Multi-Objective Control of an Active Tensegrity Structure

Multi-Criteria Control

Many combinations of contractions and elongations of active struts can satisfy a single serviceability objective to an acceptable degree. This presents an opportunity to enhance control command search through use of additional objectives. Additional objectives should not significantly decrease control command quality with respect to the slope objective. Goals are to increase robustness of both the structure and the active control system in order to carry out multiple control events over service lives. The following four conflicting objectives are used to guide search:

• Slope: maintain top surface slope of the structure constant when subjected to loading,

• Stroke: maintain actuator jacks as close as possible to their midpoint,

• Stress: minimize stress of the most stressed element,

• Stiffness: maximize the stiffness of the structure.

The general form of a multi-objective optimization problem can be expressed as follows:

Minimize objective functions f (x)

subject to inequality constraints g(x) < 0

and equality constraints h (x) = 0

where x є R", f (x) є ^k, g(x) є Щ. m, and h(x) є ^p. Here, n represents the number of variables, k the number of objective functions, m the number of inequality constraints and p the number of equality constraints.

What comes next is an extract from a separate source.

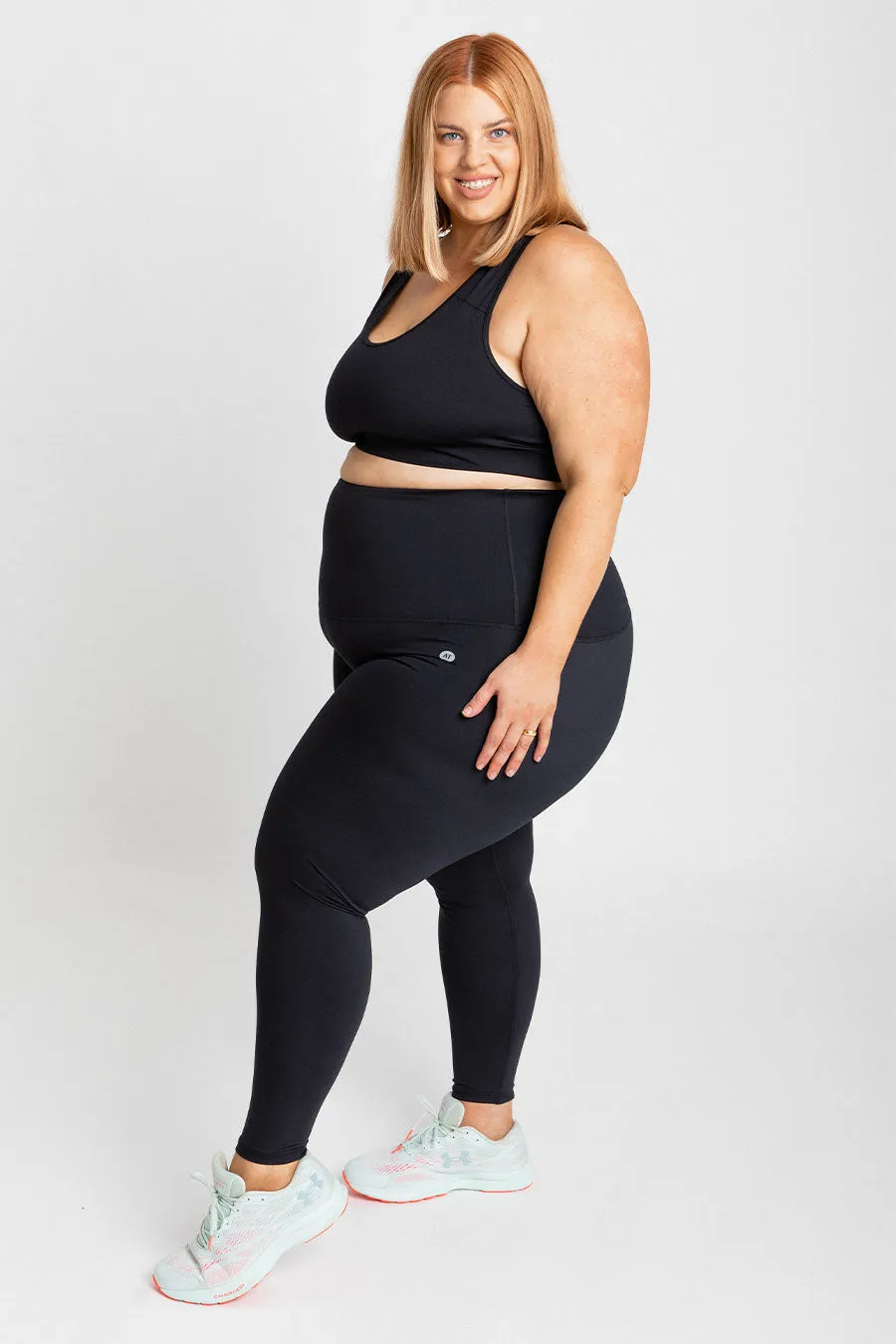 Essential High-Waist Move Full Length Legging - Black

A Pareto filtering approach is employed in order to avoid the use of weight factors. In case of a multi-objective minimization task, a solution x* is said to be Pareto optimal if there exists no feasible vector of decision variables x which would decrease some objective without causing a simultaneous increase in at least one other objective. This concept results in a set of solutions called the Pareto optimal set. The vectors x* corresponding to the solutions included in the Pareto optimal set are called non-dominated (Pareto, 1896).

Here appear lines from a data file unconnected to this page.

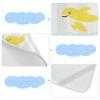 Ocean Animal Whale Yellow Stripe Cooling Baby Toddler Mattress 28" x 52" Breathable Mattress Protector pad for Baby&Toddler view 4
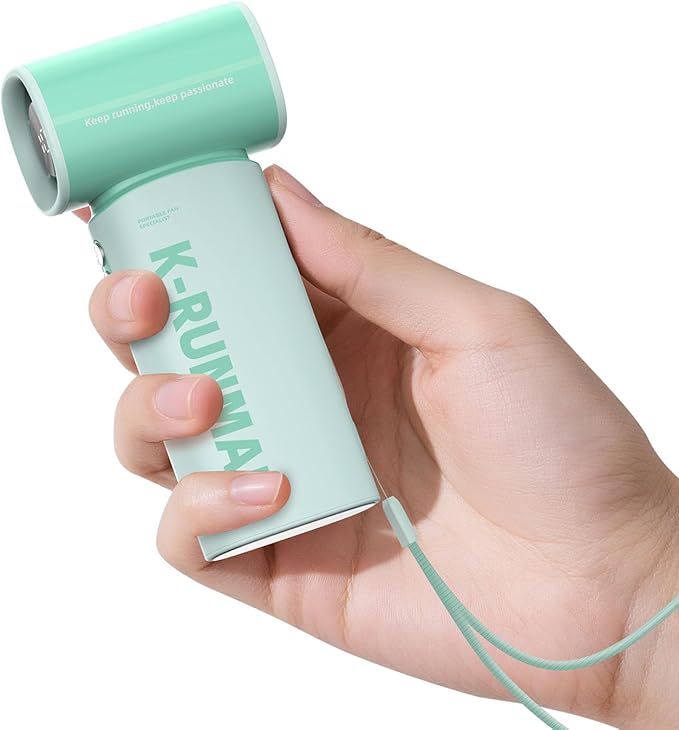 Portable Handheld Turbo Fan,100 Speeds Adjustable Mini Personal Fan, 4000mAh USB Rechargeable Battery Operated, LED Display,Gifts for Women Men Travel/Camping/Outdoor (Green)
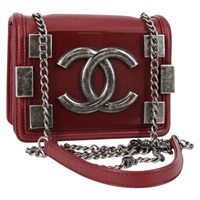 【原宿店限定】シャネル CHANEL ショルダーバッグ レゴボーイ マトラッセ チェーン レザー ボルドー ゴールド レディース 142313V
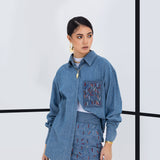 The Abhilasha Multi colour Shirt & Skirt Set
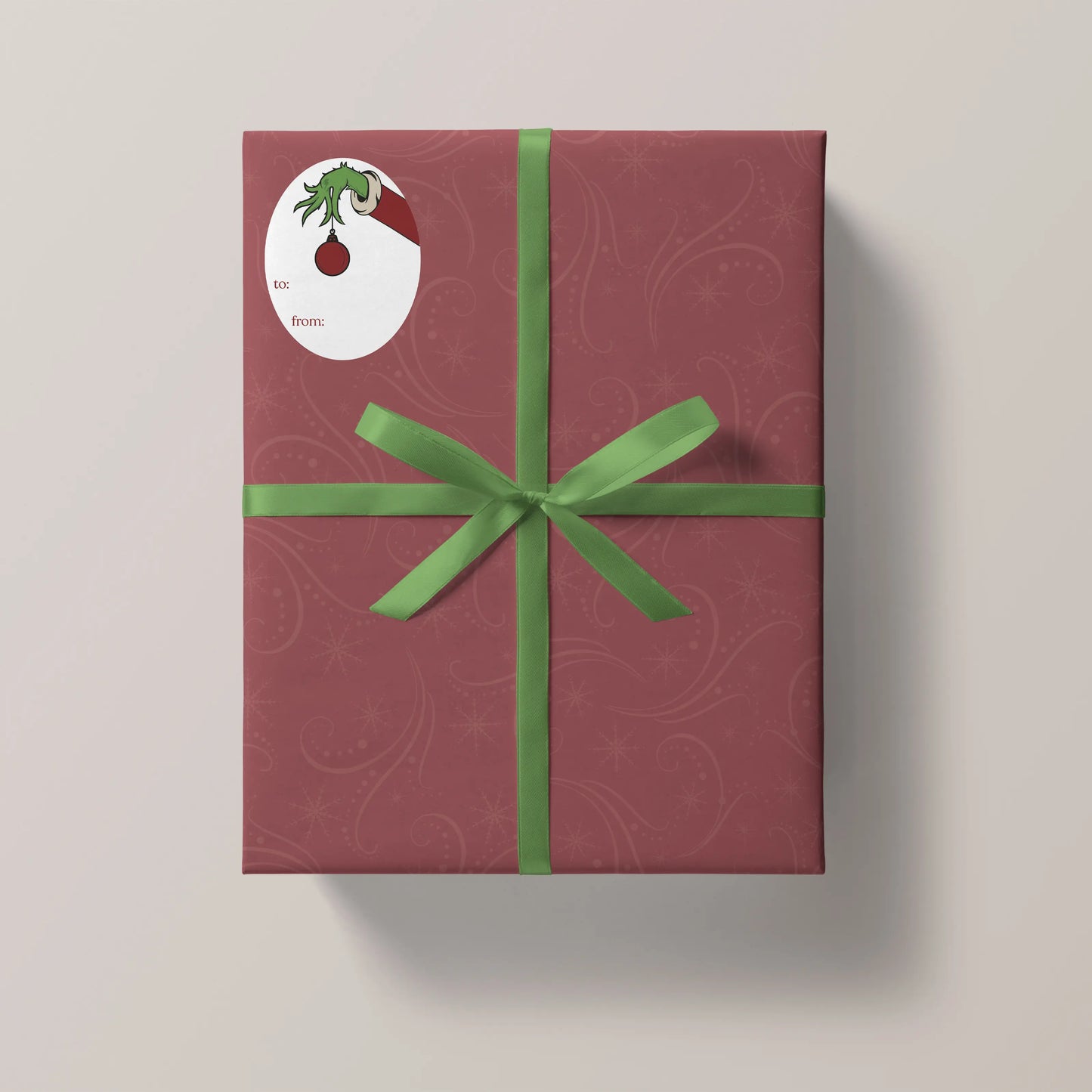 Grinch Holiday Tags (Sticker Sheet) - clothing by TeeHivey.com (Image 2)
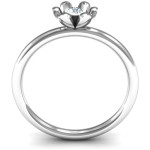 Yaffie ™ Custom 'Magnolia' Ring with Personalised Stone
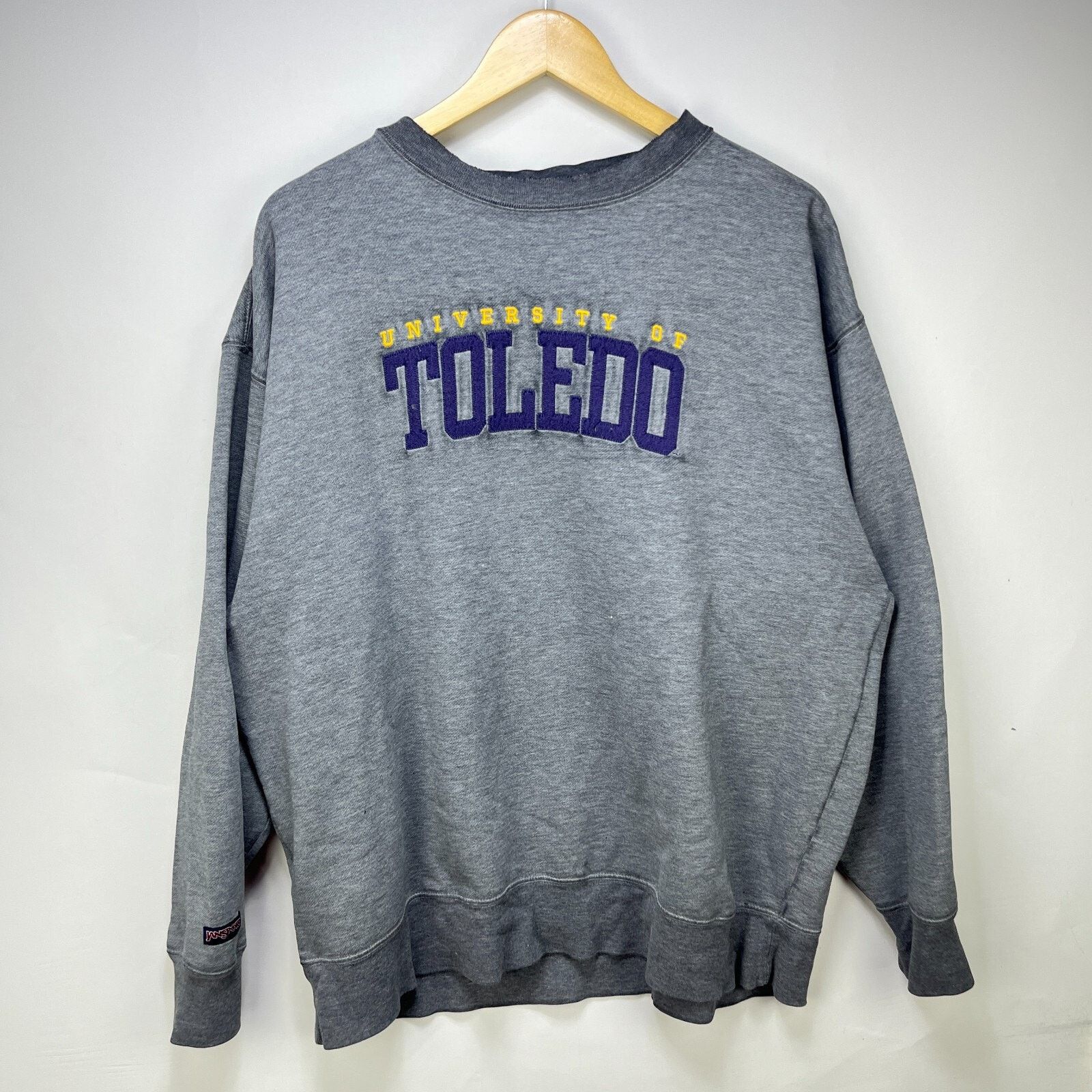 Vintage Vintage University of Toledo Sun Faded Sweatshirt XL Rockets Size US XL / EU 56 / 4 - 1 Thumbnail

The multi-objective search method adapted to our tensegrity structure serviceability control task involves building a Pareto optimal solution set and selecting one solution (see Figure 4). The Pareto optimal solution set is identified according to the four objectives and the five constraints described above. Solution generation and Pareto filtering is carried out using the ParetoPGSL algorithm. Solutions are generated in order to minimize all objectives. Dominated solutions are rejected. ParetoPGSL stops after 1500 generated solutions since solution quality does not improve any further.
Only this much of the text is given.